17.2 - Test for Independence

One of the primary things that distinguishes the test for independence, that we'll be studying on this page, from the test for homogeneity is the way in which the data are collected. So, let's start by addressing the sampling schemes for each of the two situations.

The Sampling Schemes Section

For the sake of concreteness, suppose we're interested in comparing the proportions of high school freshmen and high school seniors falling into various driving categories — perhaps, those who don't drive at all, those who drive unsafely, and those who drive safely. We randomly select 100 freshmen and 100 seniors and then observe into which of the three driving categories each student falls:

Driving Habits Categories
Samples OBSERVED \( j = 1\) \(j = 2\) \(\cdots\) \(j = k\) Total
Freshmen \(i = 1\)         \(n_1 = 100\)
Seniors \(i = 2\)         \(n_2 = 100\)
Total          

In this case, we are interested in conducting a test of homogeneity for testing the null hypothesis:

\(H_0 : p_{F1}=p_{S1} \text{ and }p_{F2}=p_{S2} \text{ and } ... p_{Fk}=p_{Sk}\)

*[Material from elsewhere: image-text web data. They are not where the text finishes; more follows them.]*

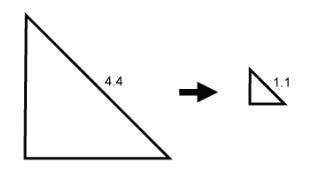 The first triangle is dilated to form the second triangle. select true or false for each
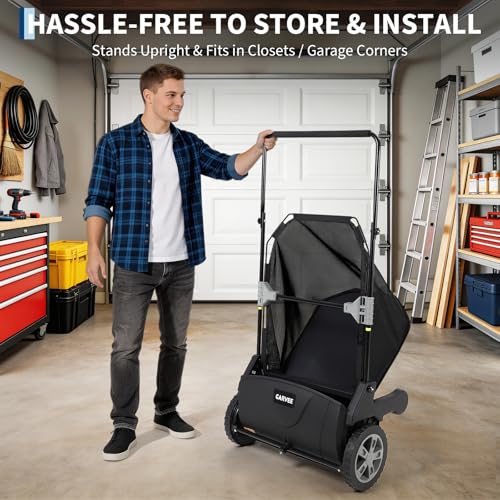 21\" Push Lawn Sweeper, Heavy Duty Leaf Collector with 3.5 Cu. ft. Bag, Walk Behind Grass Sweeper, Dual Spinning Brushes, Adjustable Height for Leaves, Pine Needles & Yard Debris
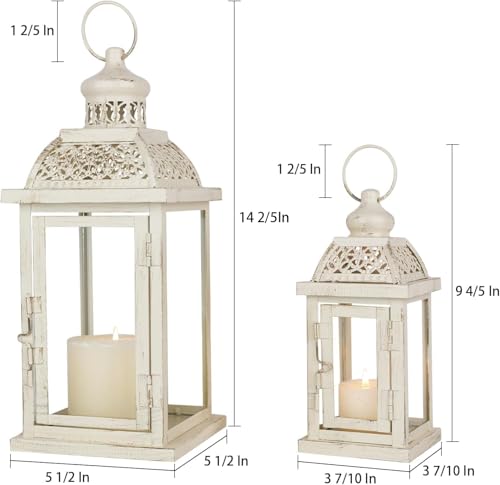 Large Lantern Decorative Outdoor & Indoor, Set of 2 (14’’&10’’) Metal Candle Lanterns Decor, Vintage Hanging Candle Holder for Front Porch Patio Wedding Farmhouse Home, Spring Decoration - color: Begie / 14.4’’h + 9.8’’h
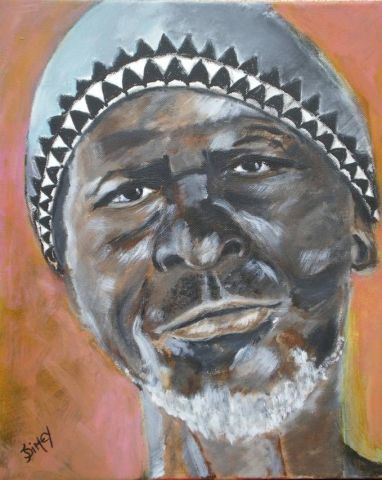 africain portrait - Peinture - DIMEY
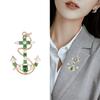Blucome 2023 Summer Green Boat Anchor Brooch Bart Style Corsage Vintage Versatile Pin Clothing Accessories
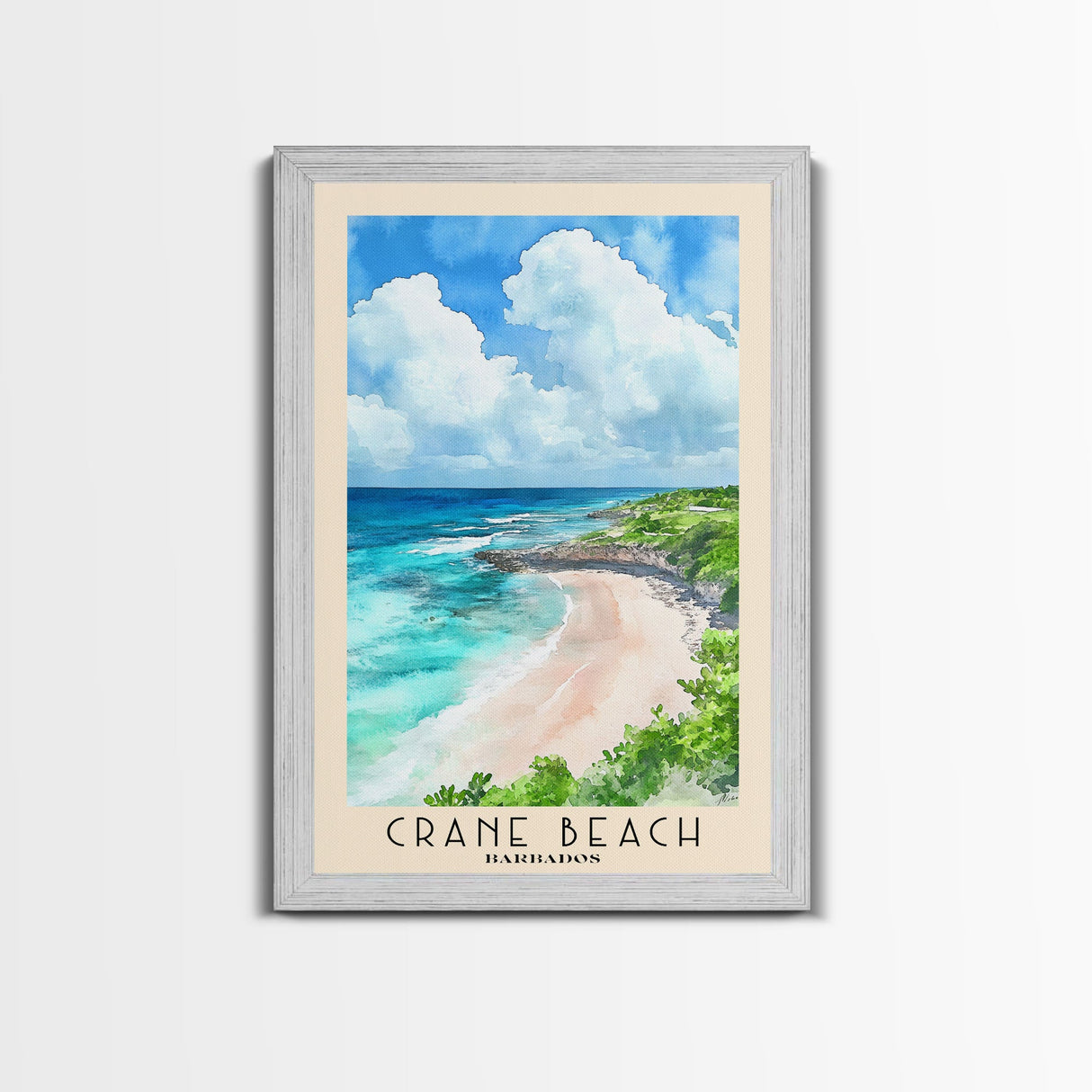 Crane Beach, Barbados Watercolor Beach Print, Vacation Gift, Barbados Wall Art, Framed Canvas Print, Framed Beach Painting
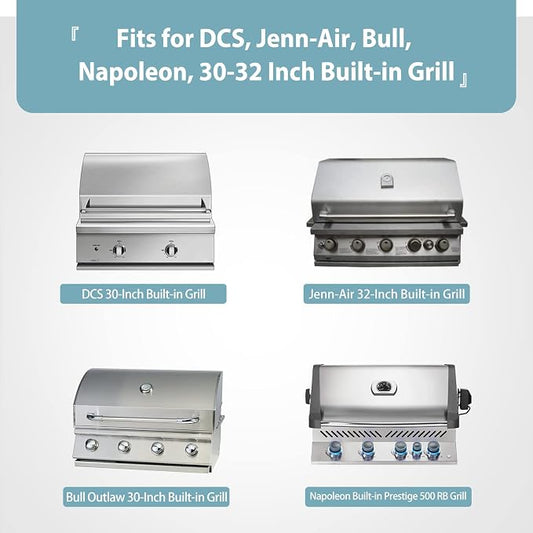SHINESTAR 33 Inch Built-in Grill Cover for DCS, 600D Heavy Duty Waterproof Island Grill Top Cover with Vents & Click-Close Straps, Windproof BBQ Cover for Jenn-Air, Bull, Napoleon, Coyote and Weber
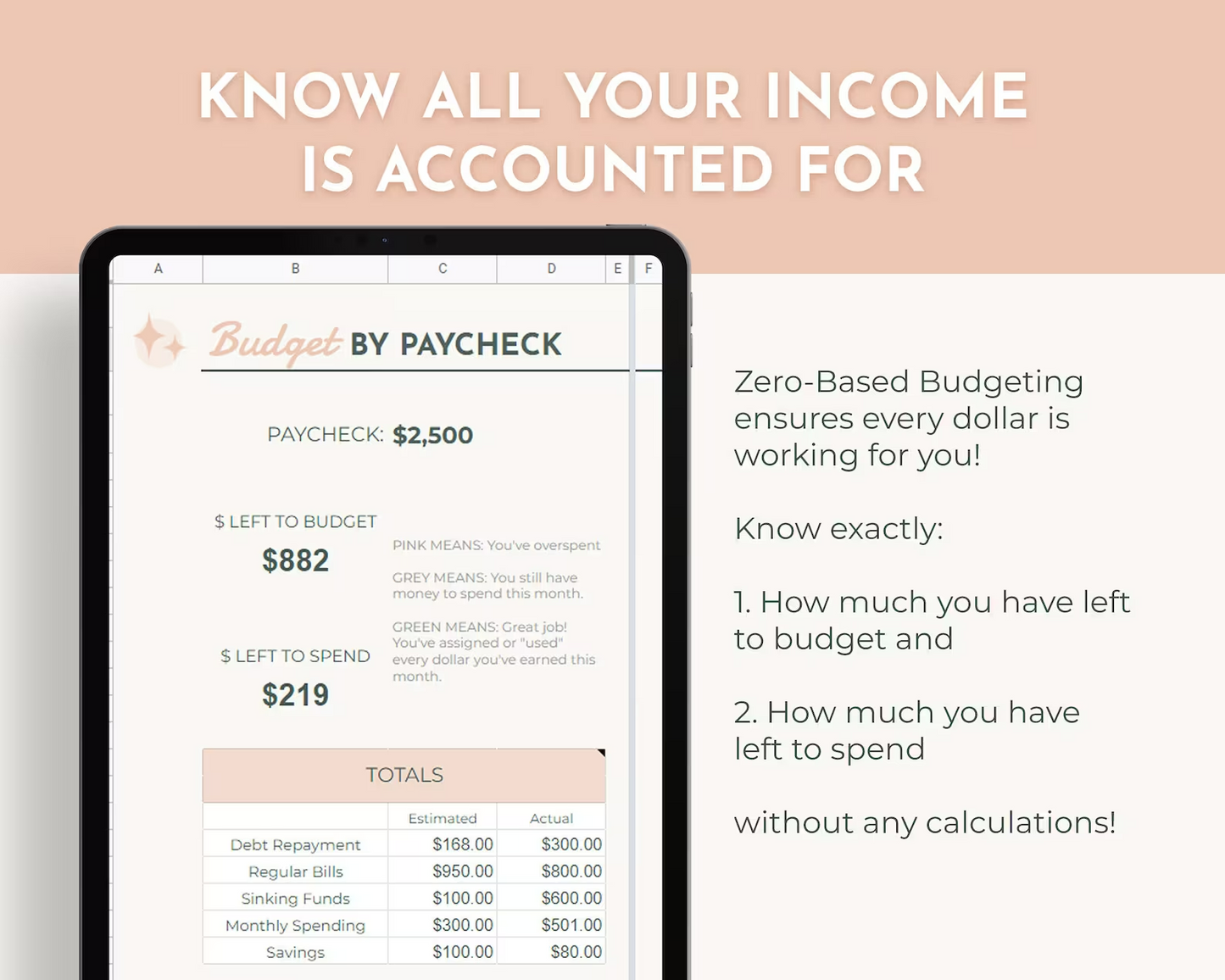 Budget by Paycheck for Beginners (Pink)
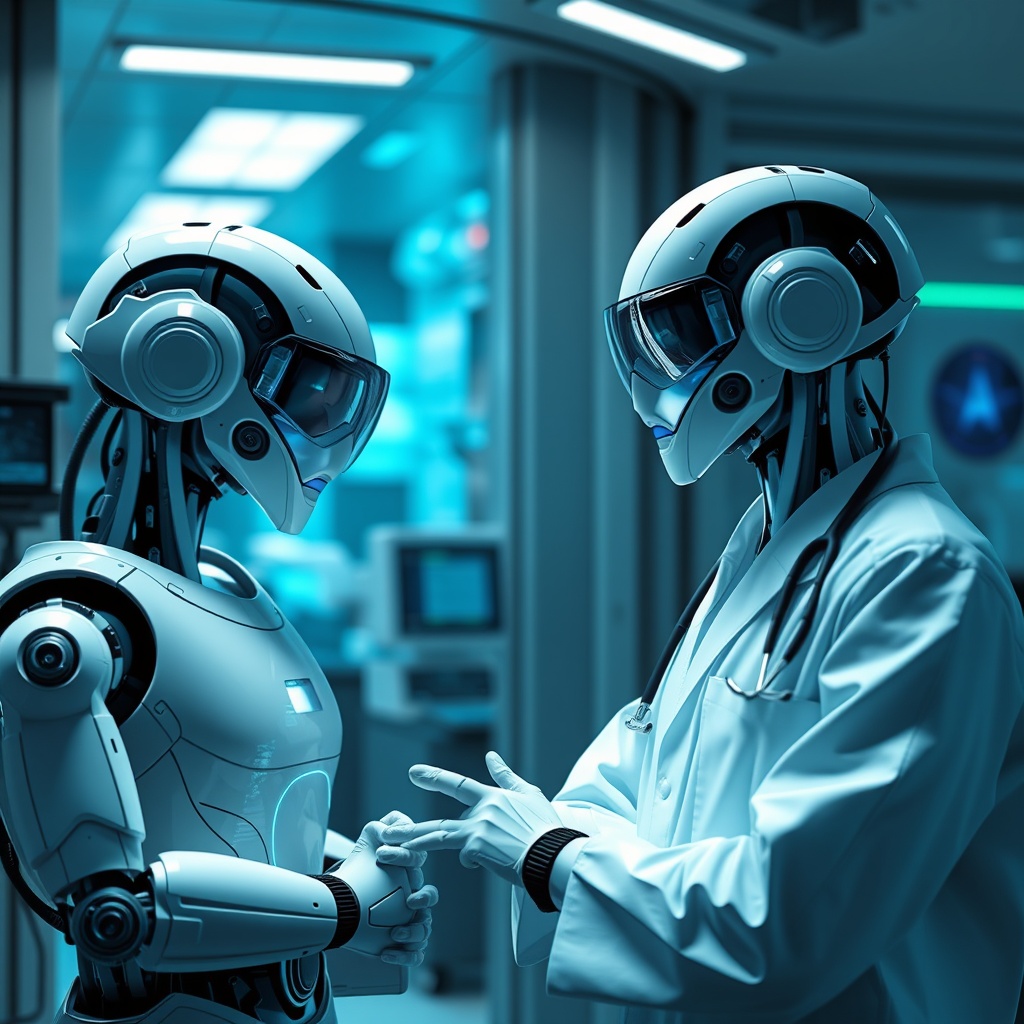 A futuristic healthcare setting with AI robots assisting doctors, symbolizing the revolution in healthcare and biotechnology through AI VC funding.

against the alternative hypothesis:

\(H_A : p_{F1}\ne p_{S1} \text{ or }p_{F2}\ne p_{S2} \text{ or } ... p_{Fk}\ne p_{Sk}\).

For this example, the sampling scheme involves:

  1. Taking two random (and therefore independent) samples with n1 and n2 fixed in advance,
  2. Observing into which of the k categories the freshmen fall, and
  3. Observing into which of the k categories the seniors fall.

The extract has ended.